The task -
Figure out how many lines of the listing include the string "Gray"; the reply is only that number.
**********
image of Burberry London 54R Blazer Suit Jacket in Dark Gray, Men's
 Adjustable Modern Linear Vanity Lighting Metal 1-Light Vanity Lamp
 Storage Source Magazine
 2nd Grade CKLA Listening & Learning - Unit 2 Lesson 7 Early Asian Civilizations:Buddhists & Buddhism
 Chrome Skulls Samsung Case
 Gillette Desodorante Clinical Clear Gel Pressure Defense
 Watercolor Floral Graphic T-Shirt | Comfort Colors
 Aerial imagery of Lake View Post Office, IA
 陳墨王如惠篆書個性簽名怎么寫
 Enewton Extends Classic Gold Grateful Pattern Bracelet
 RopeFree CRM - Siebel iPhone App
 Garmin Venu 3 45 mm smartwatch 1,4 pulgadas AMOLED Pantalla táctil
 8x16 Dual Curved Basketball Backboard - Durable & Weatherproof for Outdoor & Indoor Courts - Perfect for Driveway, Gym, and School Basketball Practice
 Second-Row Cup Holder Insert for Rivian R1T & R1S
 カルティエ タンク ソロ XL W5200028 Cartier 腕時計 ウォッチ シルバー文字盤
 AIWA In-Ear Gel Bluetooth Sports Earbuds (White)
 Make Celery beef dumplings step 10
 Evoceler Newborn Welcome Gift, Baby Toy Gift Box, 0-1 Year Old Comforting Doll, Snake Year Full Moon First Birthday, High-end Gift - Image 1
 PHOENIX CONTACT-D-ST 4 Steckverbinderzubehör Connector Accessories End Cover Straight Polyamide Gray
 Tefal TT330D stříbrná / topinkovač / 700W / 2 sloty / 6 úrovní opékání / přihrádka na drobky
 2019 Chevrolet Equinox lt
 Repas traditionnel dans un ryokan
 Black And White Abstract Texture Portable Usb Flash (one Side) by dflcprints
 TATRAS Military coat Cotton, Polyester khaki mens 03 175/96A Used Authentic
**********
Your solution -
2